Aliases are convenient ways to add options to commands, and are very common features of ~/.bashrc files shared on the web. They also work in POSIX-conforming shells besides Bash. However, for general use, they aren’t very sophisticated. For one thing, you can’t process arguments with them:

# An attempt to write an alias that searches for a given pattern in a fixed
# file; doesn't work because aliases don't expand parameters
alias grepvim='grep "$1" ~/.vimrc'

They also don’t work for defining new commands within scripts for certain shells:

#!/bin/bash
alias ll='ls -l'
ll

When saved in a file as test, made executable, and run, this script fails:

./test: line 3: ll: command not found

So, once you understand how aliases work so you can read them when others define them in startup files, my suggestion is there’s no point writing any. Aside from some very niche evaluation tricks, they have no functional advantages over shell functions and scripts.

Functions

A more flexible method for defining custom commands for an interactive shell (or within a script) is to use a shell function. We could declare our ll function in a Bash startup file as a function instead of an alias like so:

# Shortcut to call ls(1) with the -l flag
ll() {
    command ls -l "$@"
}

Note the use of the command builtin here to specify that the ll function should invoke the program named ls, and not any function named ls. This is particularly important when writing a function wrapper around a command, to stop an infinite loop where the function calls itself indefinitely:

# Always add -q to invocations of gdb(1)
gdb() {
    command gdb -q "$@"
}

In both examples, note also the use of the "$@" expansion, to add to the final command line any arguments given to the function. We wrap it in double quotes to stop spaces and other shell metacharacters in the arguments causing problems. This means that the ll command will work correctly if you were to pass it further options and/or one or more directories as arguments:

$ ll -a
$ ll ~/.config

Shell functions declared in this way are specified by POSIX for Bourne-style shells, so they should work in your shell of choice, including Bash, dash, Korn shell, and Zsh. They can also be used within scripts, allowing you to abstract away multiple instances of similar commands to improve the clarity of your script, in much the same way the basics of functions work in general-purpose programming languages.
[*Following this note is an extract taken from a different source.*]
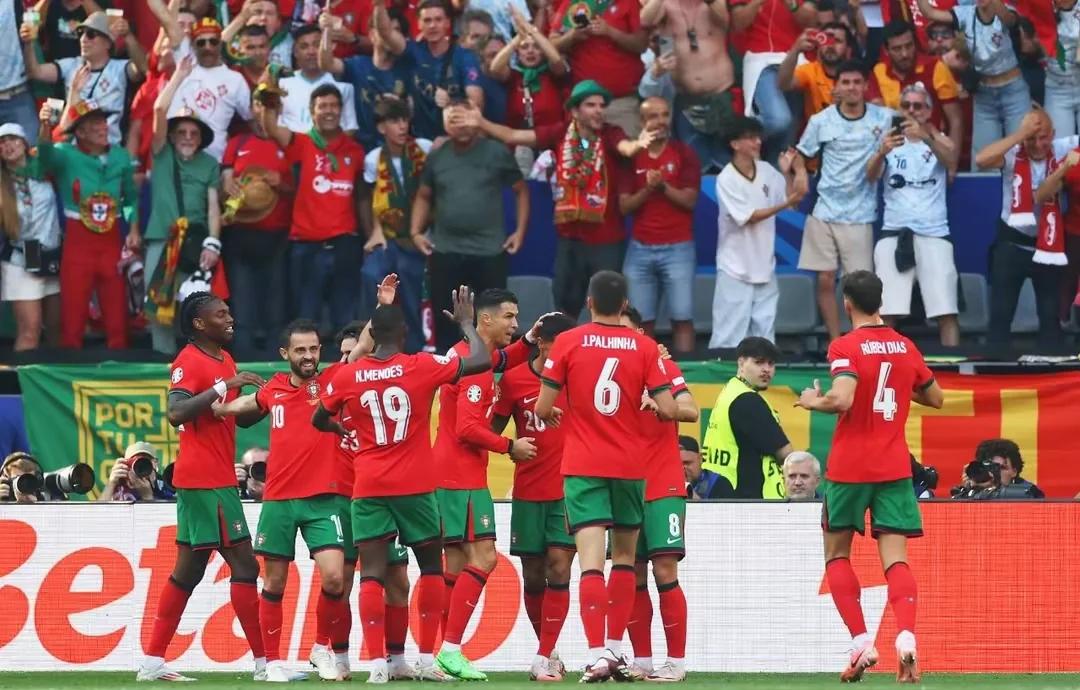 米兰体育网站-激烈角逐：英格兰队险胜葡萄牙，晋级正赛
Functions are a good and portable way to approach adding features to your interactive shell; written carefully, they even allow you to port features you might like from other shells into your shell of choice. I’m fond of taking commands I like from Korn shell or Zsh and implementing them in Bash or POSIX shell functions, such as Zsh’s vared or its two-argument cd features.

If you end up writing a lot of shell functions, you should consider putting them into separate configuration subfiles to keep your shell’s primary startup file from becoming unmanageably large.

Examples from the author

You can take a look at some of the shell functions I have defined here that are useful to me in general shell usage; a lot of these amount to implementing convenience features that I wish my shell had, especially for quick directory navigation, or adding options to commands:

Other examples

Variables in shell functions

You can manipulate variables within shell functions, too:

# Print the filename of a path, stripping off its leading path and
# extension
fn() {
    name=$1
    name=${name##*/}
    name=${name%.*}
    printf '%s\n' "$name"
}

This works fine, but the catch is that after the function is done, the value for name will still be defined in the shell, and will overwrite whatever was in there previously:

$ printf '%s\n' "$name"
foobar
$ fn /home/you/Task_List.doc
Task_List
$ printf '%s\n' "$name"
Task_List

This may be desirable if you actually want the function to change some aspect of your current shell session, such as managing variables or changing the working directory. If you don’t want that, you will probably want to find some means of avoiding name collisions in your variables.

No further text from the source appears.